ISSN 2330-717X

ArcelorMittal Posts EBITDA Of $4.4 Billion For First Half Of 2012


ArcelorMittal reported Wednesday an EBITDA of $2.4 billion in the second quarter of this year (including positive $0.3 billion of gains on subsidiary divestments), compared to $2.0 billion in the first quarter of 2012 (including positive $0.2 billion from employee benefit changes.

The company said reported an EBITDA of $4.4 billion for the first half of 2012 as compared to $4.1 billion in the same period a year ago/

ArcelorMittal logo
ArcelorMittal logo

ArcelorMittal said that steel shipments were 21.7 Mt in the second quarter of 2012, a decrease of 2.5% as compared to the first quarter this year.

Second quarter 2012 iron ore production was 14.4 Mt, up +9.9% year-on-year; 8.2 Mt shipped and reported at market price, up +17.4% year-on-year.

The company said that net debt was reduced by $1.6 billion during the second quarter to $22.0 billion, driven by improved free cash flow from operations of $1.1 billion, Skyline Steel divestment proceeds of $0.7 billion and foreign exchange impacts.

Liquidity decreased marginally to $14.8 billion from $15.2 billion at end of the first quarter this year, with average debt maturity at 6.4 years, the company said.

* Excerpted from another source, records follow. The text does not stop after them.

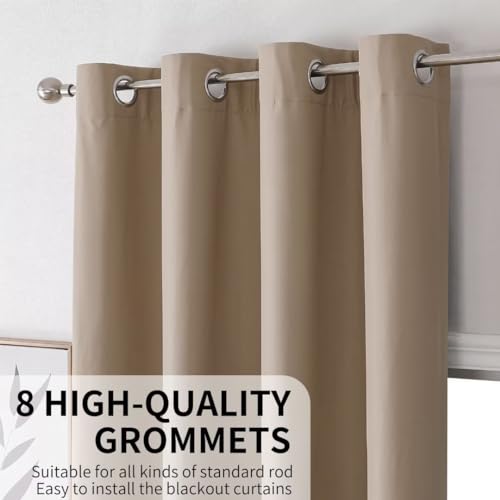 Image of Joydeco Taupe Curtains 84 Inch Length 2 Panels Set for Livingroom, Blackout Curtains 84 Inches Long for Bedroom Windows, Thermal Insulated Room Darkening 84 Inch Long with Grommets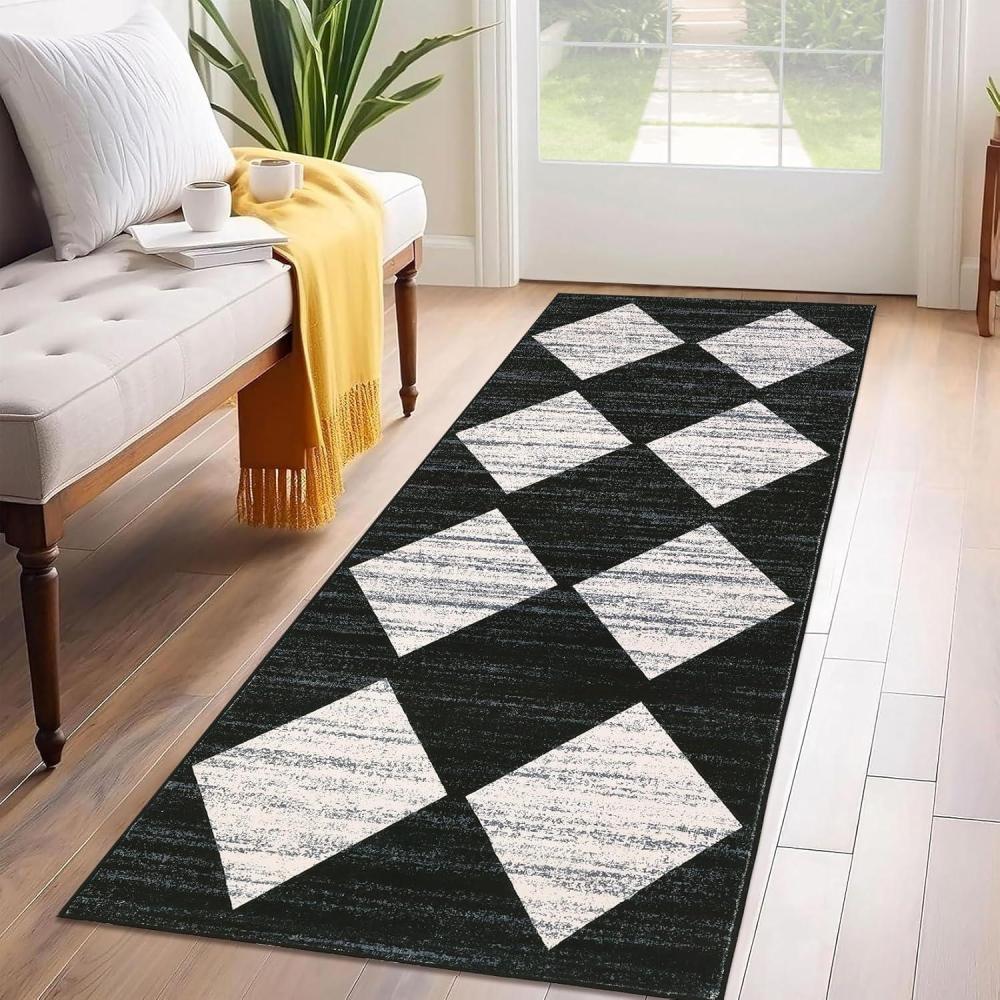image:imageGarvee Large Area Rug 9x12 Washable Scalloped Living Room Rug Non Slip Modern Checkered Carpet Soft Non Shedding Floor Covering Indoor Low Pile Stain Resistant Mat for Bedroom MousseCheckeredblack  White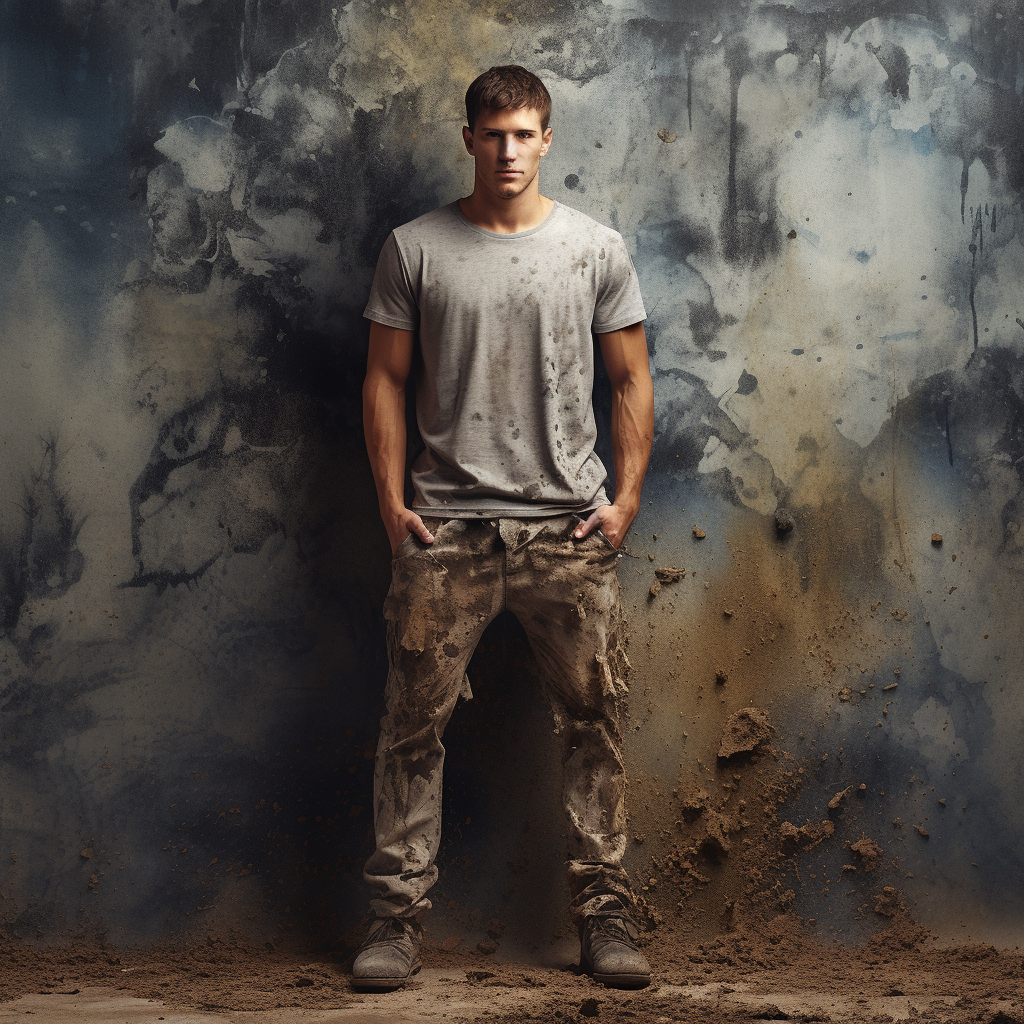 Man wearing dirty tee shirt and jeans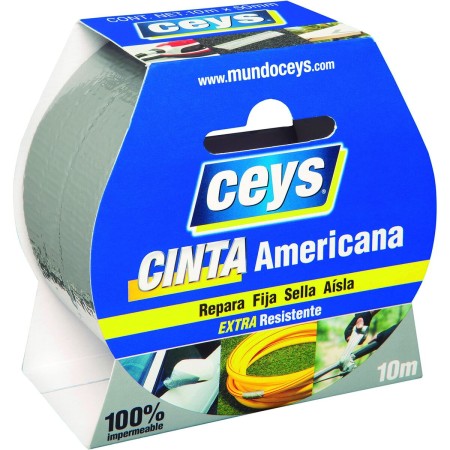 Cinta americana Ceys Plateado (10 m x 50 mm)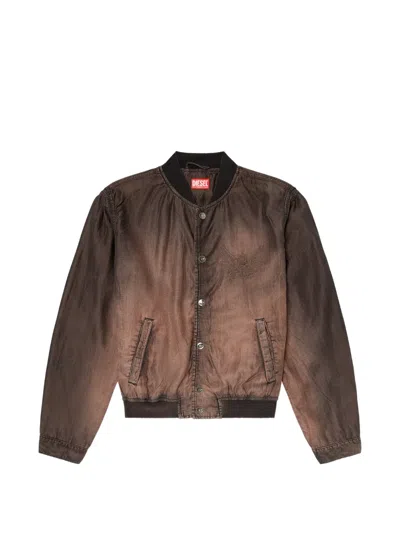 Diesel Embroidered Phoenix Bomber Jacket In Brown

Commenting, Mr. Lakshmi N. Mittal, Chairman and CEO, ArcelorMittal, said, that “Market conditions in the first half have been very challenging, indeed more challenging than we had expected due to a combination of factors, not least the still unresolved crisis in the eurozone. Against this backdrop the company has delivered a creditable performance, continuing to make progress on the divestment of non-core assets, and reducing net debt below the half year target. Although the global economy remains fragile, we expect operating conditions to remain broadly similar in the second half. Europe remains our biggest concern and the severity of the situation is reflected in the performance of our European operations. Our focus throughout the remainder of the year remains on further improving competitiveness and reducing debt.”